Tony whichever route you choose I'd suggest taking some time to play with the different battery sizes using stencils, cardboard etc.. It's can be fiddly and time consuming but I think it's something that needs to be done if you have any care for the looks of the build. That frame is pretty awesome IMO and deserves some respect for it's figure
The wiring can take up significant size and of course the padding + outer casing takes up a good 1/3 inch in itself. I know when I did my case it took a few builds to get right and hours of laying out batteries in different configurations. The wiring in particular took up more space than I imagined, partially because I used Sermos / Anderson connectors which are a little larger than bullets.
Some of the factors you may like to consider (for battery layout) are:
- Space for wiring
- Case material / strength for worst case scenario (i.e. crashing)
- Ability to remove / install the batteries as a single pack (often overlooked IMO)

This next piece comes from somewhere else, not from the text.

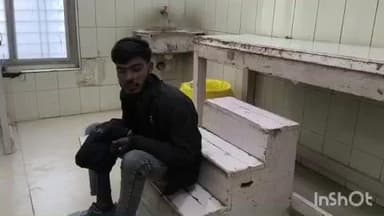 छत्तीसगढ़ से बदायूं जा रहा युवक डबरा बायपास हाईवे पर बाइक दुर्घटना में घायल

- Ease of charging. i.e. put batteries into parallel then series them so they can be broken back into parallel easily.
- The routing for cables running from the throttle, voltage meter and e-brake to the battery and the cables running from the batteries to the controller. The length of the latter cables can have a surprising impact on efficiency.
- Space for the controller and whether it will sit inside your battery case or not. Need to consider airflow / vents if it's inside.
- Space for a battery disconnect relay or switch which can be quite large depending on the power draw.
- Some way to mount the battery box to the frame without having any screws, cable ties or other sharp things rubbing against the batteries inside.
- Perhaps room for a BMS such as methods' ( viewtopic.php?f=31&t=36414
) if you're going the LiPo route.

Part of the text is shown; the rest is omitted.